__Assignment__
Each of the lines from the one that contains "VEG - Eggplant - Classic" to the end of the entries below should be output exactly.

__Data listing__
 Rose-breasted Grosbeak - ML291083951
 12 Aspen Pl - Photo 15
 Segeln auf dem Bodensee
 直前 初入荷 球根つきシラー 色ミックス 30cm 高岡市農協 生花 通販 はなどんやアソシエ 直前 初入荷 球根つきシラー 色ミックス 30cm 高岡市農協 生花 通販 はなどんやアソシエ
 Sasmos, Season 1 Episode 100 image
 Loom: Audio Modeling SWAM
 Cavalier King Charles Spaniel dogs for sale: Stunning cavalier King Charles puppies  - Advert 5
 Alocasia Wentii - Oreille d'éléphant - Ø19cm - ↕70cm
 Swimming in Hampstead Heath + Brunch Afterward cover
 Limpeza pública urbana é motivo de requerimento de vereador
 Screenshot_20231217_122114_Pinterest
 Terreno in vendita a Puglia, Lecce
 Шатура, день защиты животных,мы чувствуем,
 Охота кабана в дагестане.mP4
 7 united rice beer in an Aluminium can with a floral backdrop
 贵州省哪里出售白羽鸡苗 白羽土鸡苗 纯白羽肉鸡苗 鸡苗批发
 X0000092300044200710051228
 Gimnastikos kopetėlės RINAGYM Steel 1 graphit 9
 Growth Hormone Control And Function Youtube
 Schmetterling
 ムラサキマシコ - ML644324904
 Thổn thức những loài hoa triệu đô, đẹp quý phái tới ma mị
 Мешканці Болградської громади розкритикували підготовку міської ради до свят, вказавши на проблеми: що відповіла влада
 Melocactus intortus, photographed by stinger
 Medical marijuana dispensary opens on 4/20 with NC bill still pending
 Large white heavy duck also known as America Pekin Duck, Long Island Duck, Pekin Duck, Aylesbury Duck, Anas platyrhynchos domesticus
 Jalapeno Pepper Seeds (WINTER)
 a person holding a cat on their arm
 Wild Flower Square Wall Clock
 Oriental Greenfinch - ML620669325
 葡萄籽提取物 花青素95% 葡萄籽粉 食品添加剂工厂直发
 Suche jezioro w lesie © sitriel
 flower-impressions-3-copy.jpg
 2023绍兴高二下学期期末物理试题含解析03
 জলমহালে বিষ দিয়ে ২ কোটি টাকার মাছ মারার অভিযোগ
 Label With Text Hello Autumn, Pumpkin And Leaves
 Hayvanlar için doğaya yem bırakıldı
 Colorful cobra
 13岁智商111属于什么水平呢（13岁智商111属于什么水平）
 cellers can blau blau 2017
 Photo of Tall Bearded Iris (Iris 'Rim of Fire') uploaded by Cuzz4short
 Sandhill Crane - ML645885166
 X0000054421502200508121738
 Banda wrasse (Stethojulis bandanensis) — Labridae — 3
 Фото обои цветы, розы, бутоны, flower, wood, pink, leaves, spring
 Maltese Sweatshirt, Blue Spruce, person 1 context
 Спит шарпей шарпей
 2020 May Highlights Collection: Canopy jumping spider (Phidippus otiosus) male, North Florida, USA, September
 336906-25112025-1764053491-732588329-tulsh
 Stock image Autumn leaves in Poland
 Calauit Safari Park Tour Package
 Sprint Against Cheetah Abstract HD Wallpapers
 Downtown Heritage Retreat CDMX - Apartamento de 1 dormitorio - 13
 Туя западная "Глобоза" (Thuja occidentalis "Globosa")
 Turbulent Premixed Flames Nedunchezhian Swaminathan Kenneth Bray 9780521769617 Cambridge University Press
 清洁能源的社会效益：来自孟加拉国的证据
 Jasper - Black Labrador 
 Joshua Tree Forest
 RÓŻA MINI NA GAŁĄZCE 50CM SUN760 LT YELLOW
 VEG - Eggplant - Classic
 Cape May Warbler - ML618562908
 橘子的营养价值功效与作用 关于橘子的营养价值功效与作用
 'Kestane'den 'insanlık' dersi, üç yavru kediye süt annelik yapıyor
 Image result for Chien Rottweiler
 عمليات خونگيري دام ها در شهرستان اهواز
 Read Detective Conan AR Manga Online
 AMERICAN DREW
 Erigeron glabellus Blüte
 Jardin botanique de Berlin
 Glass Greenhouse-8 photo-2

__Response box__
 VEG - Eggplant - Classic
 Cape May Warbler - ML618562908
 橘子的营养价值功效与作用 关于橘子的营养价值功效与作用
 'Kestane'den 'insanlık' dersi, üç yavru kediye süt annelik yapıyor
 Image result for Chien Rottweiler
 عمليات خونگيري دام ها در شهرستان اهواز
 Read Detective Conan AR Manga Online
 AMERICAN DREW
 Erigeron glabellus Blüte
 Jardin botanique de Berlin
 Glass Greenhouse-8 photo-2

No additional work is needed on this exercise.